The environment that we live in has a wide spread of things that we can readily identify. This act of identification is called object recognition. It does not necessarily mean that we can name the thing in question, but does mean that we are able to make an appropriate response to it. We use the term ‘object’ to refer to a wide assortment of different types of visual event, but they all share some common attributes. All visual objects are spatially defined and circumscribed so that they occupy volume in the scene; they tend to be solid and bounded by a distinct surface.
The process of recognition of an object essentially involves the action of matching an incoming perceptual representation of an object with an internally held specification. For example, in recognizing some object as a chair the perceptual process will generate a description of the image of the object in terms of the surfaces that it has and their spatial arrangement. This description will then be compared against a set of features that all (or at least the majority of) chairs have, such as a flat horizontal surface of appropriate size held at an appropriate height by a number of upright legs. If the description compares well then, a judgement that the object is a chair can be made with reasonable confidence.
There is a specific problem in the process of object recognition. The image of an object, and its visual appearance, depend to a very considerable extent on the circumstances of the object: how it is illuminated, what direction it is being viewed from; what its surroundings are. Thus the information that is to be used to recognize the object is highly variable.

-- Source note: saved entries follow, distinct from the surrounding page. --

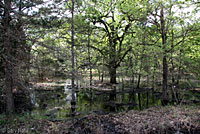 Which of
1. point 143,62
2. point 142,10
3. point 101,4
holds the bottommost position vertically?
point 143,62

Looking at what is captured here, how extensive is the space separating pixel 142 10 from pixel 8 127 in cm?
1058

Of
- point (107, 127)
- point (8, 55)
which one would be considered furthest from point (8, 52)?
point (107, 127)

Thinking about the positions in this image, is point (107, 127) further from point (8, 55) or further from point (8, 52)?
point (8, 52)

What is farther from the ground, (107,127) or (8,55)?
(8,55)

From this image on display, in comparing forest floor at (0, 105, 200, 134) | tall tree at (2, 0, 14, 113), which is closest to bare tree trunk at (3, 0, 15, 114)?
tall tree at (2, 0, 14, 113)

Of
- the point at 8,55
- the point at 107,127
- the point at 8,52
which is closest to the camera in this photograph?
the point at 107,127

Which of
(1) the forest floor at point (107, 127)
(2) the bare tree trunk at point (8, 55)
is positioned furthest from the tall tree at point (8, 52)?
(1) the forest floor at point (107, 127)

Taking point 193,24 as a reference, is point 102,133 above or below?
below

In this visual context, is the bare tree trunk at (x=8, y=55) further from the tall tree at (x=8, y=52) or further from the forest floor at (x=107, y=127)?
the forest floor at (x=107, y=127)

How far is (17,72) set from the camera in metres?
7.63

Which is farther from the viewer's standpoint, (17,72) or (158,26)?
(158,26)

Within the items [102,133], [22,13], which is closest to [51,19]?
[22,13]

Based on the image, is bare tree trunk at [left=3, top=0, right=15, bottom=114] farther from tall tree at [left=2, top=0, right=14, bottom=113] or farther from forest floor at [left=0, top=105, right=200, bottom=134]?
forest floor at [left=0, top=105, right=200, bottom=134]

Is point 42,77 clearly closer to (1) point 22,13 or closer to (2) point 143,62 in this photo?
(1) point 22,13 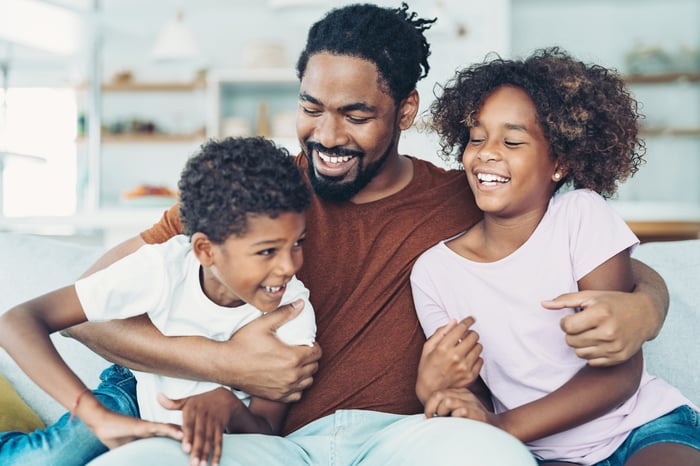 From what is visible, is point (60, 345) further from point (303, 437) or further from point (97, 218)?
point (97, 218)

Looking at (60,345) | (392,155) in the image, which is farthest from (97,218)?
(392,155)

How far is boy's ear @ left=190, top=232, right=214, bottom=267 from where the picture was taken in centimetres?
138

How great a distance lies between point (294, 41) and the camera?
7203 millimetres

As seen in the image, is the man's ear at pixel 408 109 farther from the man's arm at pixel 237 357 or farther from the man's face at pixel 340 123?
the man's arm at pixel 237 357

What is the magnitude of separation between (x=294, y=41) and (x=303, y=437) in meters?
6.12

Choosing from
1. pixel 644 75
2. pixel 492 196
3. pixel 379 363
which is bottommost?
pixel 379 363

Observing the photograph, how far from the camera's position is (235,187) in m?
1.34

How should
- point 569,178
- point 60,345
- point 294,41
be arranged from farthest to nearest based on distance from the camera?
point 294,41
point 60,345
point 569,178

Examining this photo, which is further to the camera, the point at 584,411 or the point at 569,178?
the point at 569,178

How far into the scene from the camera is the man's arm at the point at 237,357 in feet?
4.57

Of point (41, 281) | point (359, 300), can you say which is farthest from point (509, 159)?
point (41, 281)

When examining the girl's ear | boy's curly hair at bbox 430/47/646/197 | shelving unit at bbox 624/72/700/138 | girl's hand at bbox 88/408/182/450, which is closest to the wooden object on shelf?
shelving unit at bbox 624/72/700/138

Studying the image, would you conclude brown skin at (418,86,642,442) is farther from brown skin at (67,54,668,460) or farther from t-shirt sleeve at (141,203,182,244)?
t-shirt sleeve at (141,203,182,244)

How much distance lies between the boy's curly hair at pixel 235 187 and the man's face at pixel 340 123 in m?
0.21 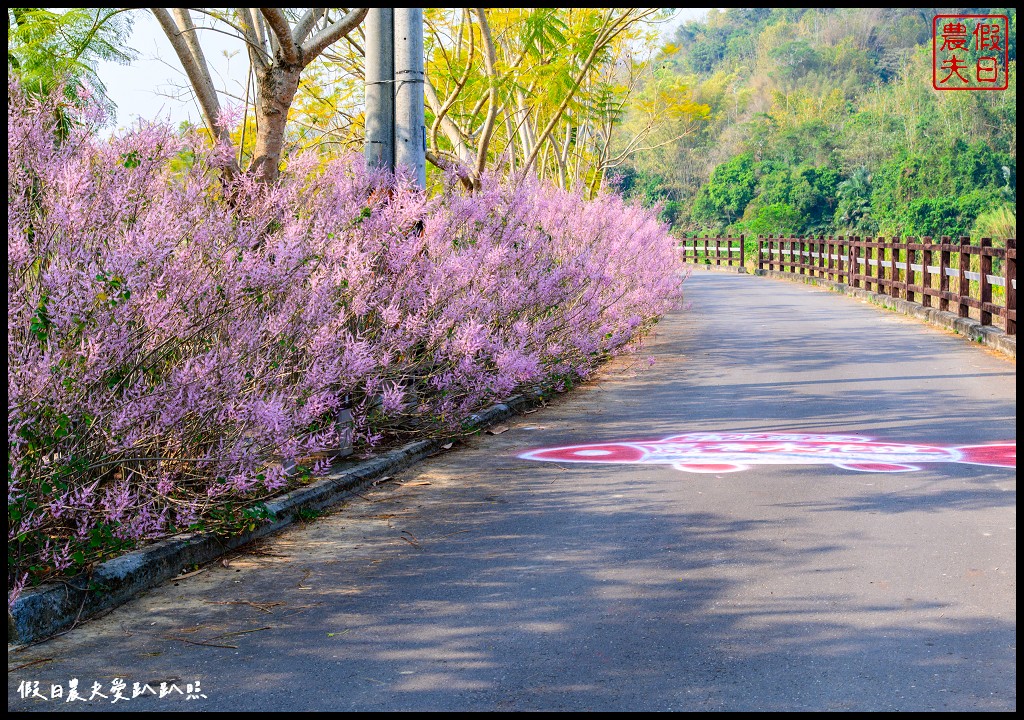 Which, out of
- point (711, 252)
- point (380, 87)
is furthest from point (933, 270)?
point (711, 252)

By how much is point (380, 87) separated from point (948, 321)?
13.7 meters

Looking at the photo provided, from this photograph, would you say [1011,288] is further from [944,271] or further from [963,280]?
[944,271]

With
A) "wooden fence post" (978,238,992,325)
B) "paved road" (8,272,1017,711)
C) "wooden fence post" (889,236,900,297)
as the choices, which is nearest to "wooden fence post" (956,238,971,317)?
"wooden fence post" (978,238,992,325)

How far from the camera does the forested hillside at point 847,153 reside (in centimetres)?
5734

There are various possible versions of the process of object recognition which differ in the types of information that is being compared. At one extreme it is possible that the comparison process could involve matching 2-dimensional templates of objects against the image to find the template that matches best. In this case the template is effectively a single complex feature. The drawback with this approach is that the natural variability of objects would far exceed the capacity of any template. Thus a specific chair might well be recognizable from its match to a template of itself, but not any other. At the other extreme, it is possible that a description of the object made up of a large number of small features could be computed from the incoming information and then this compared with an equivalent full internal structural description. The drawback to this approach is that the process of creating a full structural description of the image of the object is itself highly complex.